**About this task**
Please reproduce, exactly and in full, the lines from the one containing "Breathable Cotton Crawling Pads" to the end of the material below.

**Exercise materials**
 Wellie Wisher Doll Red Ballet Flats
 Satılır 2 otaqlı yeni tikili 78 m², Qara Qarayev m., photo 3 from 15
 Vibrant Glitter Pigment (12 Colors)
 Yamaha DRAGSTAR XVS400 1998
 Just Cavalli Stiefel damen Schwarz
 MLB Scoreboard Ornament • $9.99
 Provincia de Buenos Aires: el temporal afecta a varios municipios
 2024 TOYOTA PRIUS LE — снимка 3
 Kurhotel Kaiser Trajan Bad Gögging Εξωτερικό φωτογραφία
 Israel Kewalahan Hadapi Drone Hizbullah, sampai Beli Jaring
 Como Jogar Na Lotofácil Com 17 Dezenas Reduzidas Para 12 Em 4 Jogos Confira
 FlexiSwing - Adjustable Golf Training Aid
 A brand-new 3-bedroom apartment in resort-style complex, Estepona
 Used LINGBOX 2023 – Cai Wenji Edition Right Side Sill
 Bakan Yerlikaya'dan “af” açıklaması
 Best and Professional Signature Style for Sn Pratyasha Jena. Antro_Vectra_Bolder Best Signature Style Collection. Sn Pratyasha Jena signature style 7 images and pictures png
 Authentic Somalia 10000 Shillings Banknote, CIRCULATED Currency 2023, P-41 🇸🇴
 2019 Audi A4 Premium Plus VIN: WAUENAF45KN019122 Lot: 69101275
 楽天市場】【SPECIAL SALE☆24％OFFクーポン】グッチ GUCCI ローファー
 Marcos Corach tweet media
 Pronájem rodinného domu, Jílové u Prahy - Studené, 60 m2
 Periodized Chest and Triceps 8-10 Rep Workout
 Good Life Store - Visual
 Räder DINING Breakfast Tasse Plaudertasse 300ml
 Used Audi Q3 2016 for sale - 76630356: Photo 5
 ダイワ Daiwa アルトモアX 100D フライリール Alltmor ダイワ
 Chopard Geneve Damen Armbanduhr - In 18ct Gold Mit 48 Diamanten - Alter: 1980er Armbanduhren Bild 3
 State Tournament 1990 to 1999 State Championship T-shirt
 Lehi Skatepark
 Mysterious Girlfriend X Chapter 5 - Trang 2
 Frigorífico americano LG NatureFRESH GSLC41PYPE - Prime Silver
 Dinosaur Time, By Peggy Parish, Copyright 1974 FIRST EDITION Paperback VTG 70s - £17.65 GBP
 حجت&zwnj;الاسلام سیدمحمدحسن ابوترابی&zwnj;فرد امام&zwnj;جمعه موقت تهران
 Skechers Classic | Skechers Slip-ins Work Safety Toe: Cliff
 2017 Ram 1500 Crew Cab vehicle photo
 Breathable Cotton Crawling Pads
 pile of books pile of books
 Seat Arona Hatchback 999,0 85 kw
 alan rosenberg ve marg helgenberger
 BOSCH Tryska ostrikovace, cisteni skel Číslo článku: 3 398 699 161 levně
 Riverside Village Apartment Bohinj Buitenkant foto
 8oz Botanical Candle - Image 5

**Response to the exercise**
 Breathable Cotton Crawling Pads
 pile of books pile of books
 Seat Arona Hatchback 999,0 85 kw
 alan rosenberg ve marg helgenberger
 BOSCH Tryska ostrikovace, cisteni skel Číslo článku: 3 398 699 161 levně
 Riverside Village Apartment Bohinj Buitenkant foto
 8oz Botanical Candle - Image 5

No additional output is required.